• **WHAT TO DO**: From the records below, transcribe exactly the lines that begin at the line with "Pratik Tekniklerle Ruhsal" and end at the line with "HUMANOIDES ASSOCIES Chasseurs de sève", both included.

• **DATA RECORDS**:
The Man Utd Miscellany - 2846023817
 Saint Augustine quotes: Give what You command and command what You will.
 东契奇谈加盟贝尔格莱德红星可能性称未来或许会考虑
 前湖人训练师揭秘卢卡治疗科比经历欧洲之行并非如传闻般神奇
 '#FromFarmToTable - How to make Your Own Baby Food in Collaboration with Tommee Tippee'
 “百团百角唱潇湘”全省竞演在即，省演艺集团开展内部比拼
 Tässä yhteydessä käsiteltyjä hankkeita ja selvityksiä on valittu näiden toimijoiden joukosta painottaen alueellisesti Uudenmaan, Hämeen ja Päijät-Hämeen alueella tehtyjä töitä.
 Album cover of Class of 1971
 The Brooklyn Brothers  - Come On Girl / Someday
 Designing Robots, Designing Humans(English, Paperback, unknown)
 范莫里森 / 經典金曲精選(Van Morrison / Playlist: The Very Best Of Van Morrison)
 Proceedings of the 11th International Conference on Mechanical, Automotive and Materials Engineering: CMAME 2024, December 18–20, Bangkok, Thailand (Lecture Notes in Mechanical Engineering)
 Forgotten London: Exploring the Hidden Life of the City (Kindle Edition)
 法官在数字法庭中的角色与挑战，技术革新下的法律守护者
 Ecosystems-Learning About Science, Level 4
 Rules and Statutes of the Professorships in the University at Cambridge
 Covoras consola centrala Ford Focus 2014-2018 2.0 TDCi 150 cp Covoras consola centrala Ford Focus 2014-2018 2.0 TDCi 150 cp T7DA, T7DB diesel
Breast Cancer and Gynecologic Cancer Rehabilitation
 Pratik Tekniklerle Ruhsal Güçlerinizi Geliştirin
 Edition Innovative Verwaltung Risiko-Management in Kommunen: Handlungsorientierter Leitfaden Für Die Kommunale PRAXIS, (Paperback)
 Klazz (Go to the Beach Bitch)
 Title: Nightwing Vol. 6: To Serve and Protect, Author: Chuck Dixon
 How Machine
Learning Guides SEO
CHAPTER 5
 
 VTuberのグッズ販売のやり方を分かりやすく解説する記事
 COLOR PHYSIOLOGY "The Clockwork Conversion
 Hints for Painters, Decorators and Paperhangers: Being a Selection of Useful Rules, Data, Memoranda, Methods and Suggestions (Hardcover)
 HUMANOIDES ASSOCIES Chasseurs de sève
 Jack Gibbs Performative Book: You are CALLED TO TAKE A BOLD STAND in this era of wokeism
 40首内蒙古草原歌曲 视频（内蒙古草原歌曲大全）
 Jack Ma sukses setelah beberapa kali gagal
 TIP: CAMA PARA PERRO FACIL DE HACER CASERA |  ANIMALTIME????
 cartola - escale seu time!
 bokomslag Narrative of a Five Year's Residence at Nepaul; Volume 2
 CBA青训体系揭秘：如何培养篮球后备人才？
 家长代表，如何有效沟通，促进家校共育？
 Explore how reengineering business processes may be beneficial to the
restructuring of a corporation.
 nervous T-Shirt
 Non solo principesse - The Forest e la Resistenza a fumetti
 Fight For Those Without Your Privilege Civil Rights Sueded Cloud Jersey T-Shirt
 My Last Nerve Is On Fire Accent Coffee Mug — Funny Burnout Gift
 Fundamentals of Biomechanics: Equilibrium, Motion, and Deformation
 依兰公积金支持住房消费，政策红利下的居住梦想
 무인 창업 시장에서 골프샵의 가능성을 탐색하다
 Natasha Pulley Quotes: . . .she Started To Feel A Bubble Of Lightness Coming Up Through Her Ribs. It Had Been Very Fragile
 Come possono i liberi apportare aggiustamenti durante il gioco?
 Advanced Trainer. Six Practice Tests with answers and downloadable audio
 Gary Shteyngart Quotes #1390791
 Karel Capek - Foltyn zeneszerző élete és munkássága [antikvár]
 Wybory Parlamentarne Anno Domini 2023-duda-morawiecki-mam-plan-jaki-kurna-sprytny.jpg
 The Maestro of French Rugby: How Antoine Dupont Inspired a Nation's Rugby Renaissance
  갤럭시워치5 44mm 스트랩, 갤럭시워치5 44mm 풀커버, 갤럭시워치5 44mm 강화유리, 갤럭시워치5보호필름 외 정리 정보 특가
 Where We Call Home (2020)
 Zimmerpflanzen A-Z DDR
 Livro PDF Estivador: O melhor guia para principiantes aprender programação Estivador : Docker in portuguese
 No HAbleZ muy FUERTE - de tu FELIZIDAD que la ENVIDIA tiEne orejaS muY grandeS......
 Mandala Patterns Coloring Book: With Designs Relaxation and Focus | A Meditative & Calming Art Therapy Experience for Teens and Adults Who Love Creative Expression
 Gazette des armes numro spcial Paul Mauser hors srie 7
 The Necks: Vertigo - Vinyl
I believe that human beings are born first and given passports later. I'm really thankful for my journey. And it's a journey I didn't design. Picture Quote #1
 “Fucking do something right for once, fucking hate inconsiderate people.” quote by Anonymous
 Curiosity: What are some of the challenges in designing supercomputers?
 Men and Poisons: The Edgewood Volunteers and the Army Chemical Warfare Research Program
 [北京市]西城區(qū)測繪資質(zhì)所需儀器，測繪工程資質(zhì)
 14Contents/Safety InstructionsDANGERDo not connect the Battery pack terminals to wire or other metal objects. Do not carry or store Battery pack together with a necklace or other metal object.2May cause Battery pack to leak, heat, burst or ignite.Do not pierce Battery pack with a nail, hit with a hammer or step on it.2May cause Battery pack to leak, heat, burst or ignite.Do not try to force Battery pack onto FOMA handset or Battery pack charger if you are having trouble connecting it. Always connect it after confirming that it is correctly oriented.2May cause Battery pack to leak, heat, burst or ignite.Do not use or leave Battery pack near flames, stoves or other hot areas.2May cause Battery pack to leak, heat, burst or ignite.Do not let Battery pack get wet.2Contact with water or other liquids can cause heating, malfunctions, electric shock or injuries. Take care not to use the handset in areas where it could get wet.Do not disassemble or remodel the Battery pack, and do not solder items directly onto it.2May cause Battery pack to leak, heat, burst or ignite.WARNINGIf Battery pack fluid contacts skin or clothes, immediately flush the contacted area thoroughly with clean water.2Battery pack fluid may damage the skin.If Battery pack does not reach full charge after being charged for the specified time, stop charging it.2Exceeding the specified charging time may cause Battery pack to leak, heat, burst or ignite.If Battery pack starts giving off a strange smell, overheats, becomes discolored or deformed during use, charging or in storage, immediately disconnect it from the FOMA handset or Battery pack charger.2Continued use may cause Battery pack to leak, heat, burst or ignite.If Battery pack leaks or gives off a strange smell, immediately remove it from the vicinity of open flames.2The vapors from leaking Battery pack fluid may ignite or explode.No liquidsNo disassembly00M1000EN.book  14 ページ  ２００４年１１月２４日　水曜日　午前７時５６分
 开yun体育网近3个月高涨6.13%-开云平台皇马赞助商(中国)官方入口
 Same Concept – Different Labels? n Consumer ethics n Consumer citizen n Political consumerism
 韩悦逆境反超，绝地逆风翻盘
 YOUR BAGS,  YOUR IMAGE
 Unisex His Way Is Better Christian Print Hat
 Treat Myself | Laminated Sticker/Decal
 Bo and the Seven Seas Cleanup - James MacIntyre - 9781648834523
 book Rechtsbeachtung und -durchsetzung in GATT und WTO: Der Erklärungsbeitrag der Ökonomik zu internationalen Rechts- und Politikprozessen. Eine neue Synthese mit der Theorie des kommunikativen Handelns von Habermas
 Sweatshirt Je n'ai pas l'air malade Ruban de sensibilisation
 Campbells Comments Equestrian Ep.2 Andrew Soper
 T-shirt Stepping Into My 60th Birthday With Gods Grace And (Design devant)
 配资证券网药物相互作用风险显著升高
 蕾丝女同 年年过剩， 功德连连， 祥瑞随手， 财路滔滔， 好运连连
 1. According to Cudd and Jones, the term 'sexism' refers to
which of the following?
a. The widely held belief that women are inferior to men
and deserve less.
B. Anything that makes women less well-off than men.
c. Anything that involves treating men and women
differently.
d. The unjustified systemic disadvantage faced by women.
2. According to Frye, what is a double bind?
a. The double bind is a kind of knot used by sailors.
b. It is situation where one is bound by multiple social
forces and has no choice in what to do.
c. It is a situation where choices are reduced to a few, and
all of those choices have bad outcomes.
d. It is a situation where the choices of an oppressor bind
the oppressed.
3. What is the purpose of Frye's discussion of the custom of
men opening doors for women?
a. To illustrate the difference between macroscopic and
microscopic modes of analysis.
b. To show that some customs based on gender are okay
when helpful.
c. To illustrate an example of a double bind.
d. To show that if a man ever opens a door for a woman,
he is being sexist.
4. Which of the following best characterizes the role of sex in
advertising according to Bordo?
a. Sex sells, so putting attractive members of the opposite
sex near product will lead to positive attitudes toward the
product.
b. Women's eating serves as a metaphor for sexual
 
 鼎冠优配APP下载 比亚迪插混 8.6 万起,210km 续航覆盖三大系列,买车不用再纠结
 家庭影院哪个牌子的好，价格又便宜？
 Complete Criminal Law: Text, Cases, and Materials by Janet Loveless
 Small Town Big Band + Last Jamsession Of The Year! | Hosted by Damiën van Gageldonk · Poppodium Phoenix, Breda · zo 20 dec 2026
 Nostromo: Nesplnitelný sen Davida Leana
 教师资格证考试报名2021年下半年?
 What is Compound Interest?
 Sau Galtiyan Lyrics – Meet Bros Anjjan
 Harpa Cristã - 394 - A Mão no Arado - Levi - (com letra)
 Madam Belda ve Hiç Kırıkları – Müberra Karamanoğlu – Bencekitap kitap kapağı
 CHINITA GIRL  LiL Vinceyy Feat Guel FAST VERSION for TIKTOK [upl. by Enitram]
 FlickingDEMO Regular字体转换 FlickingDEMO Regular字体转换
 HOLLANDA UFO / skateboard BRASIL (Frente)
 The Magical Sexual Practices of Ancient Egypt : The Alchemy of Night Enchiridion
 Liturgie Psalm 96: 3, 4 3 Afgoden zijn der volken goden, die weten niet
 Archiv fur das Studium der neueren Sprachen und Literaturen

• **WRITTEN RESPONSE**:
 Pratik Tekniklerle Ruhsal Güçlerinizi Geliştirin
 Edition Innovative Verwaltung Risiko-Management in Kommunen: Handlungsorientierter Leitfaden Für Die Kommunale PRAXIS, (Paperback)
 Klazz (Go to the Beach Bitch)
 Title: Nightwing Vol. 6: To Serve and Protect, Author: Chuck Dixon
 How Machine
Learning Guides SEO
CHAPTER 5
 
 VTuberのグッズ販売のやり方を分かりやすく解説する記事
 COLOR PHYSIOLOGY "The Clockwork Conversion
 Hints for Painters, Decorators and Paperhangers: Being a Selection of Useful Rules, Data, Memoranda, Methods and Suggestions (Hardcover)
 HUMANOIDES ASSOCIES Chasseurs de sève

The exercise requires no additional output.